Tren pendirian perusahaan baru oleh para emiten ini disambut positif oleh sejumlah analis pasar. Menurut Ekky Topan, Investment Analyst Infovesta Utama, langkah ini merupakan strategi bisnis yang menjanjikan. “Selain mendorong ekspansi, perusahaan baru memungkinkan struktur bisnis menjadi lebih fokus dan fleksibel untuk tumbuh secara independen,” ujarnya pada Jumat (22/6). Senada, Muhammad Wafi, Analis Korea Investment & Sekuritas Indonesia (KISI), menambahkan bahwa entitas baru umumnya dapat bergerak lebih lincah dan fokus dalam pengambilan keputusan bisnis. “Proses pendiriannya juga relatif mudah, selama tidak bertentangan dengan POJK 17/2020 dan POJK 42/2020, maka tak memerlukan RUPS,” jelas Wafi, Minggu (22/6).

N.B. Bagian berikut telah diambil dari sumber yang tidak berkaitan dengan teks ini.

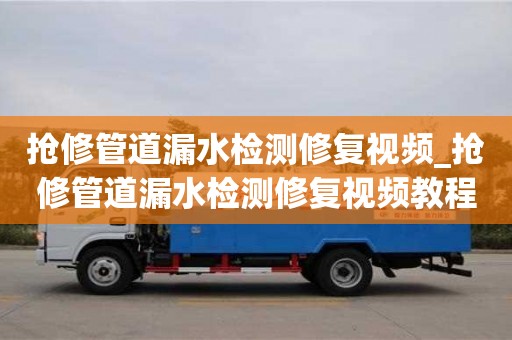 抢修管道漏水检测修复视频_抢修管道漏水检测修复视频教程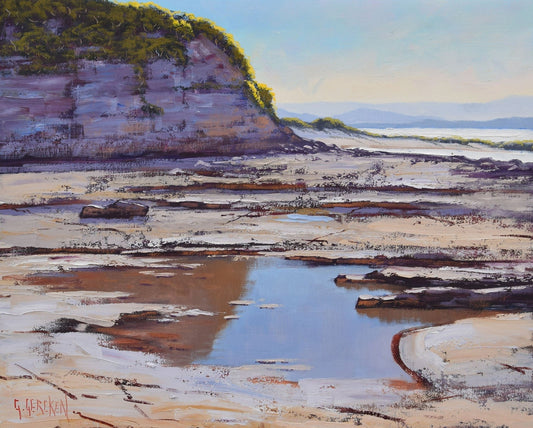 Newcastle Swansea Headland coastal oil painting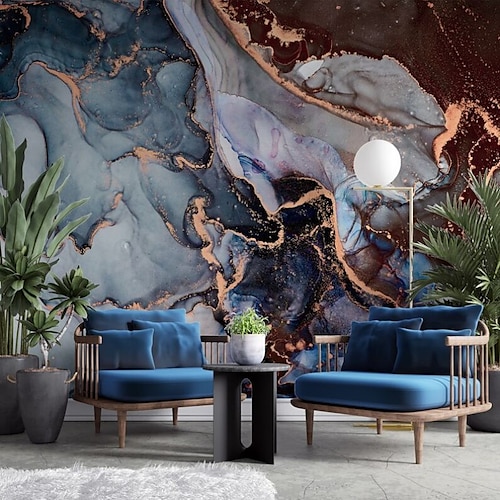 Coole Tapeten, blaue Tapete, Wandbild, abstrakter Marmor, Wandverkleidungsaufkleber, abziehen und aufkleben, entfernbares PVC/Vinyl-Material, selbstklebend/Kleber erforderlich, Wanddekoration für Image
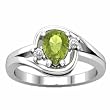 14K White Gold Peridot and Diamond Ring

Kendati demikian, para analis juga mengingatkan akan adanya sejumlah risiko yang perlu dicermati. Pendirian perusahaan baru tentu membutuhkan suntikan modal awal yang tidak sedikit. Selain itu, ada kemungkinan terjadi tumpang tindih usaha dengan induk perusahaan jika tidak dikelola dengan baik. Lebih lanjut, jumlah entitas yang terlalu banyak berpotensi memperumit pengawasan dan melemahkan fokus manajemen, terutama jika diversifikasi usaha tidak terintegrasi secara optimal. “Oleh karena itu, pendirian entitas baru perlu dibarengi dengan perencanaan matang dan tata kelola yang kuat,” tegas Ekky, menekankan pentingnya manajemen risiko.
Melihat kondisi pasar dan strategi emiten, Ekky Topan memperkirakan tren pendirian entitas baru ini akan terus berlanjut sepanjang sisa tahun 2025. Proyeksi ini didukung oleh pemulihan sektor riil, meningkatnya akses pendanaan, serta berbagai insentif pemerintah, khususnya di sektor properti, energi hijau, dan digitalisasi. Wafi juga mengamini pandangan tersebut, menambahkan bahwa sektor seperti energi terbarukan, data center, dan bidang terkait Environmental, Social and Governance (ESG) akan menjadi lahan subur bagi lahirnya entitas baru yang inovatif.
Terkait prospek saham dari emiten yang tengah gencar melakukan ekspansi ini, Muhammad Wafi belum memberikan rekomendasi resmi, namun memproyeksikan harga saham SMRA berpotensi menembus Rp 700, ARKO di kisaran Rp 900, dan POWR mencapai Rp 1.000 per saham. Sementara itu, Ekky Topan menyarankan saham SMRA menarik untuk dikoleksi dengan target harga Rp 500, POWR di target Rp 800, dan ARKO sebagai opsi spekulatif yang menarik di kisaran Rp 900–950 per saham.